### EXERCISE
Start at the line that contains "Kremowe półbuty na lekkiej podeszwie" in the listing below and extract every line through the last, exactly; leave pictures out.

-.-.-

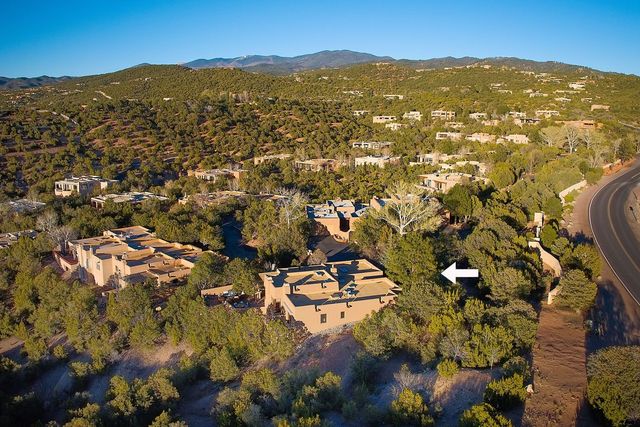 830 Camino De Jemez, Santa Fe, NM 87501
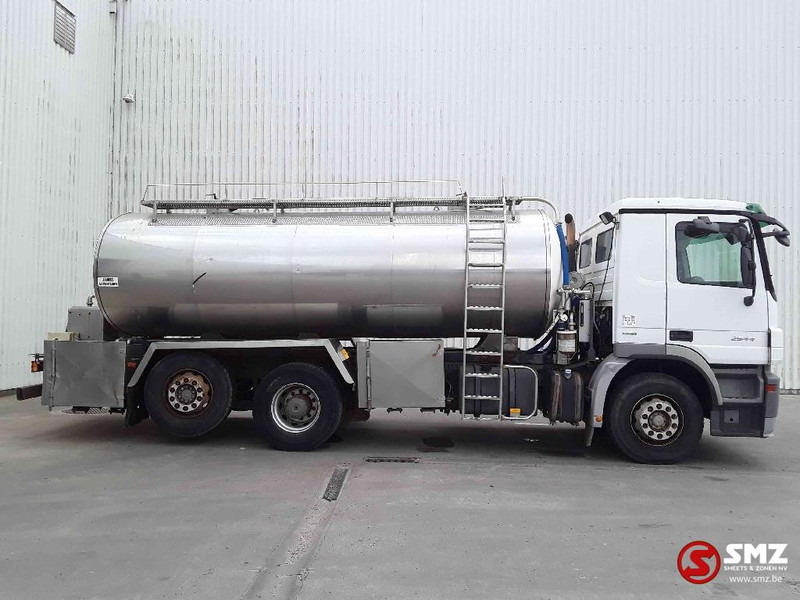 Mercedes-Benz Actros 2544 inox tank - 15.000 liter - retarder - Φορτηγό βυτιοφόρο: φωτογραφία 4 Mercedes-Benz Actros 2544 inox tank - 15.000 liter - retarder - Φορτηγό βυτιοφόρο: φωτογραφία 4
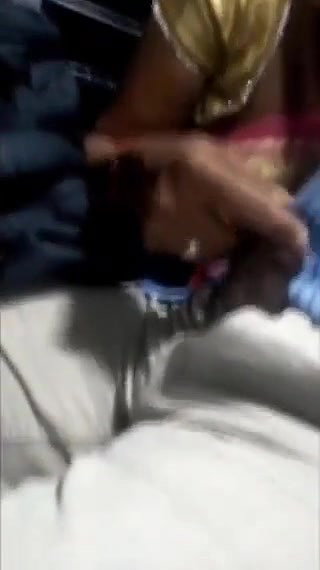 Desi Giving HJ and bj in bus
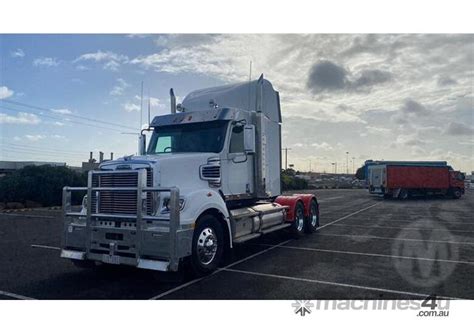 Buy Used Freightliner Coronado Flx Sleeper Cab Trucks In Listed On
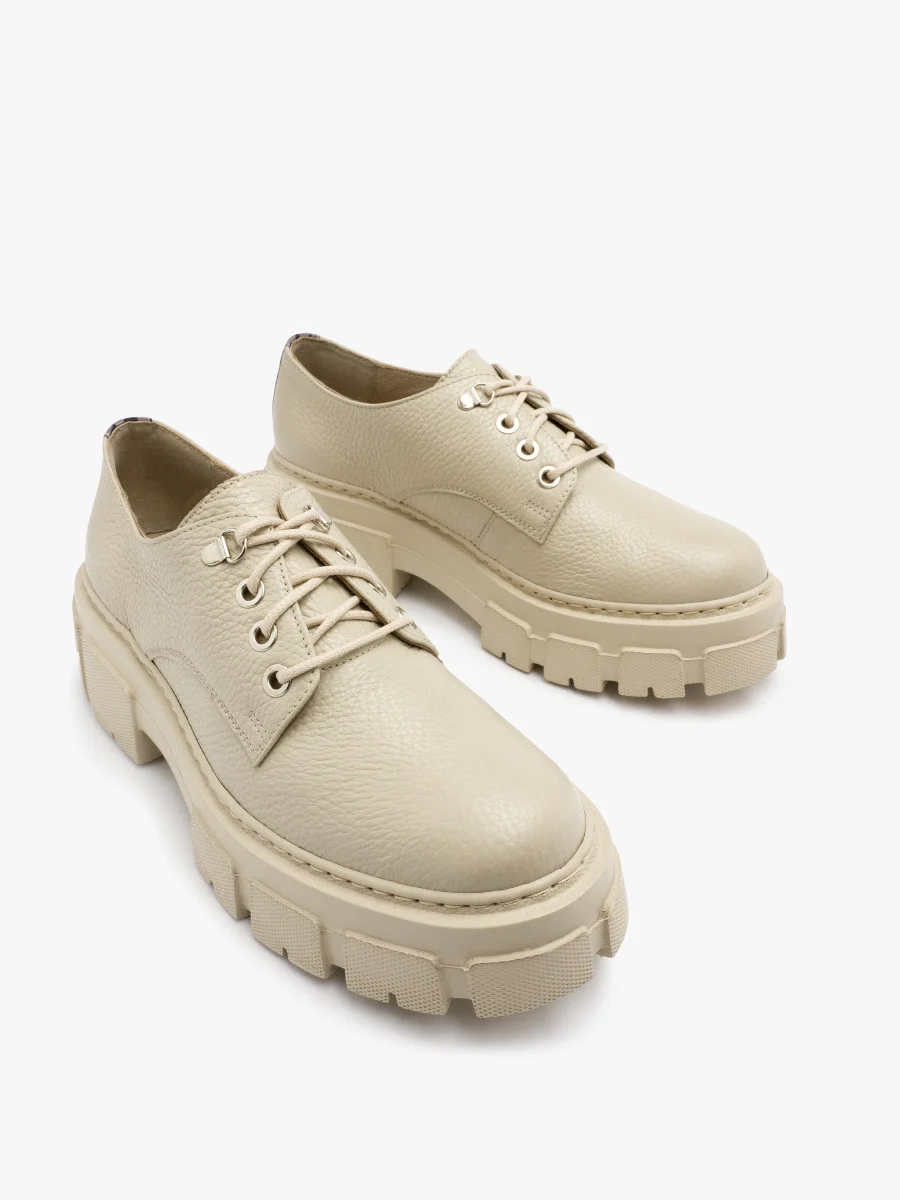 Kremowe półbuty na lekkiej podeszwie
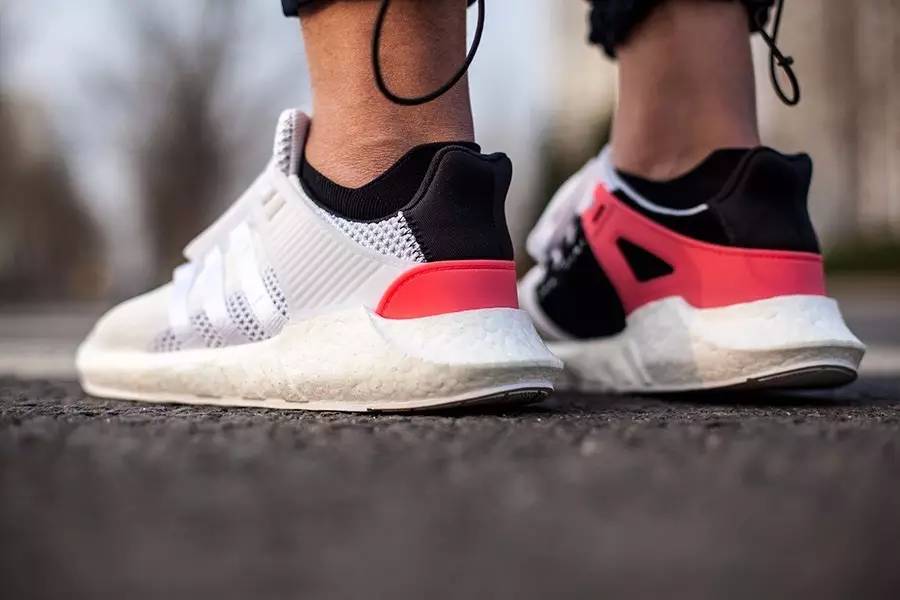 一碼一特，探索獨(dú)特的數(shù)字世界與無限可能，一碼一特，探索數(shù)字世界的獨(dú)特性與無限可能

-.-.-

### ANSWER BOX
 Kremowe półbuty na lekkiej podeszwie
 一碼一特，探索獨(dú)特的數(shù)字世界與無限可能，一碼一特，探索數(shù)字世界的獨(dú)特性與無限可能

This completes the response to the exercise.